一方、食文化研究でバンクーバーに研修旅行する神戸松陰女子学院大の学生たちも戻ってきた。迎えに来たアラン・ジャクソン国際交流センター長は「JTBがなんとか中部国際空港から行けるようにしてくれた」とほっとしていた。この日、シャトルは夜中までピストン輸送。道路は反対側の3車線が一部、開通したがバス待ちは長蛇の列。連絡橋でも大渋滞し、8000人近い乗客や店舗従業員、空港職員ら全員が空港を脱出できたのは6日午前1時頃だ。
この日、西日本高速道路の許可を取り、車を誘導してもらい関空へ向かった。
●いきなり首相の再開宣言
第一ターミナルの薄暗い待合室で弁当を食べていたのは出入国管理局の男性職員。「国際便が飛ばないと仕事がない。5時まで何して過ごそうかな」と手持無沙汰そう。
「台風は仕方ないけどタンカーが悪い。どこかにきちっと停泊させられなかったのか。
電線などを海底ケーブルにしておけば違ったはずだ。場所によっては携帯電話にまだ「圏外」が出ていた。
空港に居ながら知らなかったのだが、この日の昼前、関西エアポートの山谷佳之社長が「被害の少ない第二滑走路を使って、明日復旧第一便を飛ばします」と会見していた。翌7日正午前、ピーチ・アビエーションの「復旧第一便」が新潟へ飛んだ。「メドが立ちません」(同社長)としていた国際便も8日に再開した。一部とはいえ再開がこんなに早いとは「想定外」だった。背景に首相官邸サイドの強権発動がある。
実は6日の朝、安倍晋三首相が「再開します」と勇ましく会見発表していたのだ。安全確認を最重視する現場へのいわば「命令」である。1機だろうが2機だろうがまずは飛ばさせ、メディアに「再開」と報じさせることが最優先だったのだ。背景には、格安航空などのインバウンド(訪日外国人客)でバブルだった大阪経済、さらには国際機関の選定が迫っている2025年の「大阪万博」誘致を心配した松井一郎大阪府知事が上京して官邸サイドを突っついていたことがあるが、こうした「強権政治」にうすら寒いものを感じる。
●地盤沈下との戦い
皮肉なことに台風に襲われた日が開港24周年だった関空。
第一滑走路は04年の台風で浸水し対策を進めていたが間に合わなかった。第二滑走路は護岸を3メートルかさ上げする工事がたまたま今年春に完成し被害が少なかったのだ。地盤沈下もすべてが均一に沈むのではない。ビルの水平を保つためジャッキアップで鉄板を挟む工事も進める。

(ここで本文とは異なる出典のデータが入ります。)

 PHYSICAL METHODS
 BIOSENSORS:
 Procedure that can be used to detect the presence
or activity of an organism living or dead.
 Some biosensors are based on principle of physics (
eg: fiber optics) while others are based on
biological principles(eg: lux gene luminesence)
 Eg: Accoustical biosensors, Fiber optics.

さて、衝突したタンカーは決して大型ではない。連絡橋がある程度損傷するのはわかるが、三車線は完全にジョイント部分がずれてしまっている。改めて、「連絡橋はその程度の強度だったのか」と思わざるを得ない。
関空からすればいわば「身内の船」にやられたようなものだった。航空機のジェット燃料を供給し終えて軽くなっていた船体は、風対策で喫水線を下げるために水を入れたりするが今回、喫水線はかなり低かったようだ。

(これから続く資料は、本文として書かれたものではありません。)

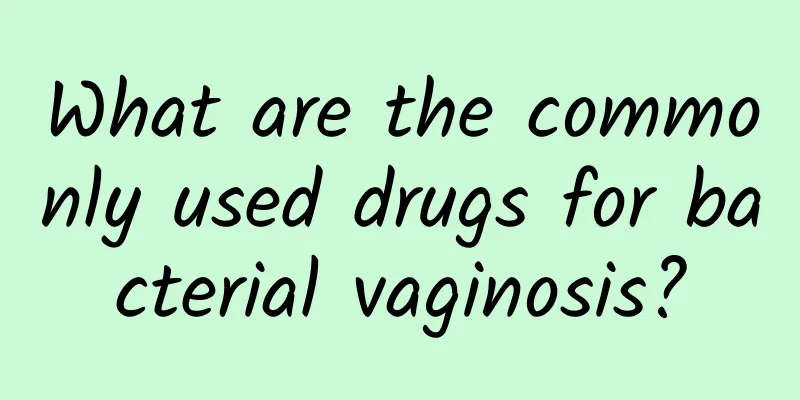 What are the commonly used drugs for bacterial vaginosis?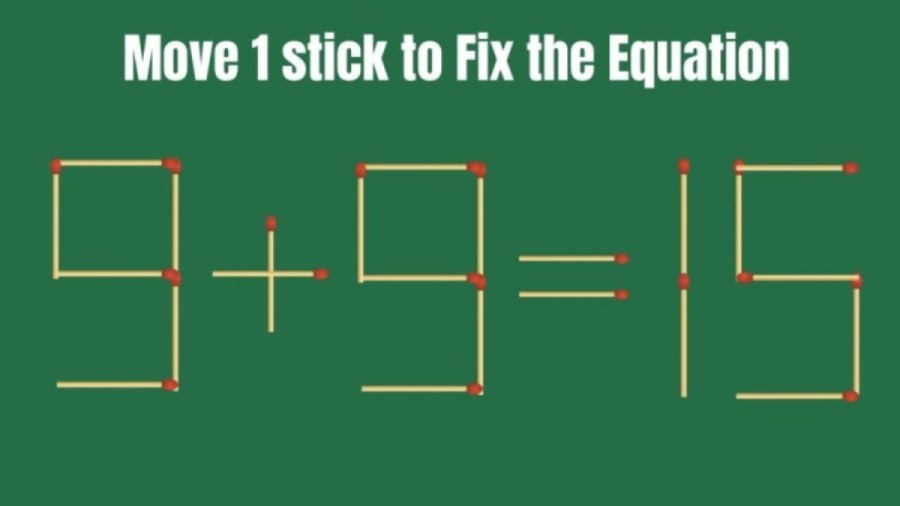 Viral Matchstick Puzzle - 9+9=15 Move 1 Stick and Fix this Equation II Brain Teaser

5日は西宮市や神戸市の被害を取材していたが、甲子園浜から鳴尾浜へつながり、高速道湾岸線と並行する海上道路は通行止め。警備の人は「高潮でジョイントがずれたんや」。タンカーがぶつかったわけでもない。高潮が当たってそんなことになるのか。ここでも「海上道路とは相当ちゃちなものではないか。南海トラフ大震災や津波に耐えるのか」と疑問が湧いた。もし南海トラフ大震災が起これば、関空は壊滅的な被害を受けると専門家たちも指摘する。
●「大阪湾湖」の危険
淡路島が蓋をしたような形の大阪湾は平均深度が30メートルと浅い上、兵庫県の明石海峡は狭く、和歌山県と淡路島間の紀淡海峡も島が多く浅い。ある意味「湖」ともいえる。このため大量の海水が流れ込むと潮位が高いままになる。

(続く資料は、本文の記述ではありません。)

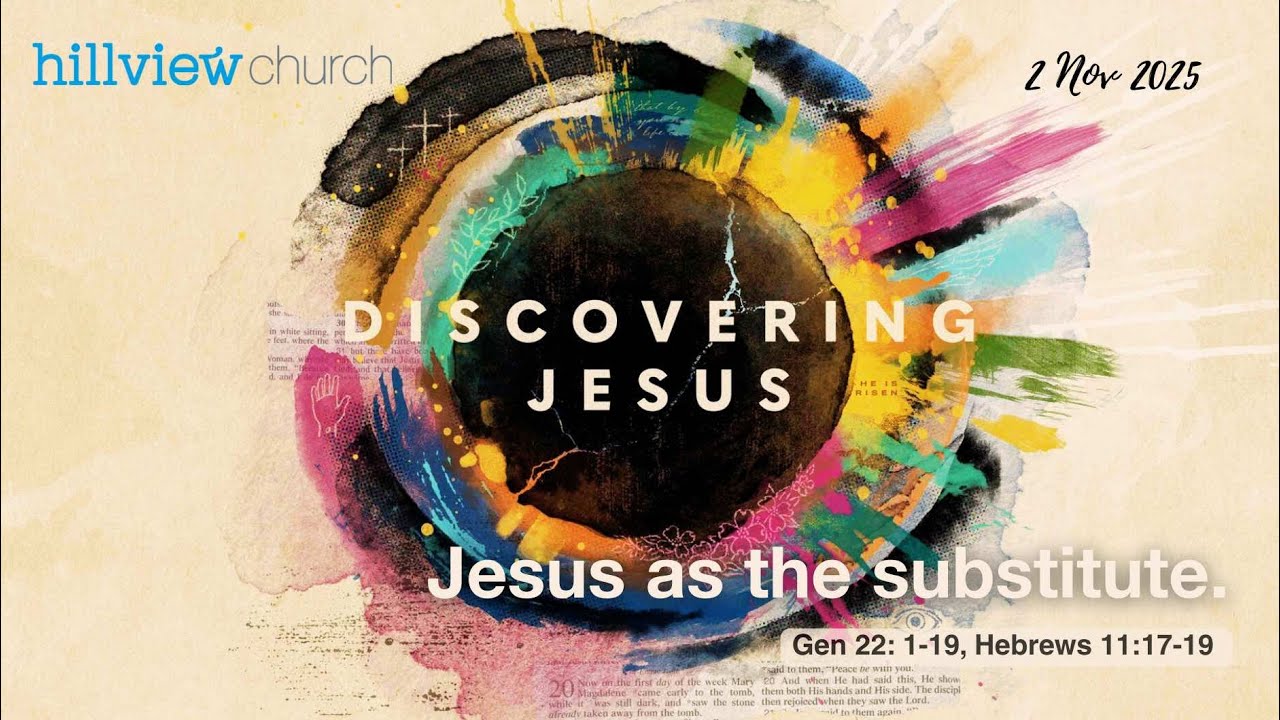 02.11.25 - Discovering Jesus: 'Jesus as the substitute' Genesis 22 v 1 - 19  [Mark Pietroni]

関西で大被害を出した台風として1934年に約3000人の犠牲を出した室戸台風、約200人が死亡した1961年の第二室戸台風がある。今回と共通するのは四国東部に上陸して神戸に再上陸したこと。台風の目の数十キロ右、つまり東側の風が強まり大阪湾沿岸に被害が広がる。「第三室戸台風」ともいえる21号台風に津波に劣らぬ高潮の恐怖を実感した。